With a positive attitude, Chad Myers, Executive Chef of Dubuque G&CC, will apply the lessons he’s learned during his tenure with the club to the road ahead.
A few weeks ago we had a seasonal menu tasting and front of house meeting. This signals the start of the busy season for us and it’s a really exciting time for me as Executive Chef of Dubuque (Iowa) Golf & Country Club. I think it must be like the adrenaline rush of a busy service on the line. How busy are we going to be? Do I have everything ready? Are we prepared for the best and worst case scenarios for a whole season?
It’s both daunting and exciting.
It’s a little like the beginning of the season for sports teams. Every team begins on the same level playing field and shares a similar drive to conquer every challenge and every obstacle. We have a mutual sense of pride and will, knowing we are going to give it all we’ve got. After all, anything is possible.
We’re also reminded that whatever happened in the past can now stay in the past, but that those lessons should shape how we approach the future. It’s a fresh start. And we have an overwhelming sense of optimism that makes every goal seem attainable. Worrying about if the weather is going to cooperate for all of the outdoor activities or if all of the new entrées will be popular isn’t fruitful. We’ve got this and we’ll succeed if we work hard.
This will be my third season as a club chef. I have two years of learning under my belt. I’ve slowed myself down to focus more on the details and improve our quality. Our success hinges on cooking simple foods perfectly. When it’s time to think outside the box, we do, but we do it in moderation as that’s not always what our members want or need.
Everything we do, we must do well. That’s our mantra.
Three years ago, I never thought I would take that approach. I wanted to change everything. But that’s not how we achieve success and that’s not how we please members.
This reinforces what I love about being a club chef. It’s a constant evolution. I’ve learned that we must take our time, digest what we learn and evolve from there. If I make a mistake, I must own it and learn from it. These are all lessons I am carrying with me as we enter our busy season. There will be ups and downs, but if I keep an open mind and remember what I’ve learned as well as introduce new things I think might work, success is the only possible outcome.
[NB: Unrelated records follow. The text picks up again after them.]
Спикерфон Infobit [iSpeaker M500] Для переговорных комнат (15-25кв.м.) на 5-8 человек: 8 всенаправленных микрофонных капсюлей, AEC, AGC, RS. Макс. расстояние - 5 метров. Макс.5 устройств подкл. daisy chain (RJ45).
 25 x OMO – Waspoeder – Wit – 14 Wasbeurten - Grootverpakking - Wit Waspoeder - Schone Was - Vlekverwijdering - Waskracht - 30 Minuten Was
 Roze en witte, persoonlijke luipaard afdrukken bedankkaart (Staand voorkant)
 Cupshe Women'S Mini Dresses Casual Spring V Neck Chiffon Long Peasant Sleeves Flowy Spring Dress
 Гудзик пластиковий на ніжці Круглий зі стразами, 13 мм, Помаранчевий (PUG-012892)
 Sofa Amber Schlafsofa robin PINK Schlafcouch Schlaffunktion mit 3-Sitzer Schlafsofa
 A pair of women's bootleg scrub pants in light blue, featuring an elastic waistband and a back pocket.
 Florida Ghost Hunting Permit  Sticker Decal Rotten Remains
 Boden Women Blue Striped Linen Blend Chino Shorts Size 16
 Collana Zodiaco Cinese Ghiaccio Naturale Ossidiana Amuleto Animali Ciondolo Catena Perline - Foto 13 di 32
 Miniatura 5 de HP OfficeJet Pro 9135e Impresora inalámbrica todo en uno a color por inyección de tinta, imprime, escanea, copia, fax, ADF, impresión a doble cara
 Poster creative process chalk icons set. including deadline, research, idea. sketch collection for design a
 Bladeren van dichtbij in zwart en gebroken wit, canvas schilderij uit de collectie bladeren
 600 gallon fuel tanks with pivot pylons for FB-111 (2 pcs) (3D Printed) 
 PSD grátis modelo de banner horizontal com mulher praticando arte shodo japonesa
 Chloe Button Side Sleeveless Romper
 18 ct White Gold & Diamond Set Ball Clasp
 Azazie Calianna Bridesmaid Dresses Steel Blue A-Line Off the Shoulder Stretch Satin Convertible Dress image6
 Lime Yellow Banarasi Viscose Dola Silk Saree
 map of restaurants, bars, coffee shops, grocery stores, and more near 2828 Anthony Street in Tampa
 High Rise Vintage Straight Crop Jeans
Speaking of evolution, one of the new dishes on the menu for this season is a rendition of something on the menu from my first season here. It’s inspired by a dish from Spoon & Stable—a restaurant by GavinKaysen featuring dishes inspired by French cuisine and focused on the seasonality of the Midwest—that opened in Minneapolis, Minn. around the same time. I had the pleasure of eating a grilled carrot salad that that blew my mind. So I did a copycat version on my first menu and sales were mixed.
This season I wanted to put a new spin on a carrot salad that would be consistently delicious and equally as beautiful. I start with a yogurt raita sauce, which consists of yogurt, minced cucumber, mint, ras al hanout, salt, pepper, garlic, and lime juice. That goes down on the plate first and on top of it goes grilled, halved carrots that are tossed in herb vinaigrette and puffed quinoa. Toss some shaved raw oca, carrot, and golden beet in lemon oil and nestle those on top of the grilled carrots. Add sunflower seeds and buttermilk curd for tang and texture. Garnish with micro fines herbes.
There is great balance in this dish between sweetness, acidity, and savoriness as well as a contrast in texture. It also has nice color to highlight with the season.
I hope that this salad catches on as a favorite as it shows how I have evolved as a chef and that I’m willing to improve upon myself and my past dishes. I didn’t invent the carrot salad, but I feel like this interpretation will give my members something to crave again and again.
One last thing: As we push forward into our busy season, it’s important that we all remember to take time for ourselves. We must spend time with our families. We don’t have to work ourselves to the bone physically and mentally to prove our dedication or skill. We just have to be smart about doing what we love.
There have been too many headlines of chefs who couldn’t sustain the run they were on. My hope is that none of us fall into this trap. For ourselves, our members’ and our staff’s sake, we must maintain the positive energy throughout the busy season—and the year.
I know that I can get lost in my head sometimes and put my health or well-being on the back burner. But if I remember the words I am typing right now—and hope that you do, too—we will all succeed this summer.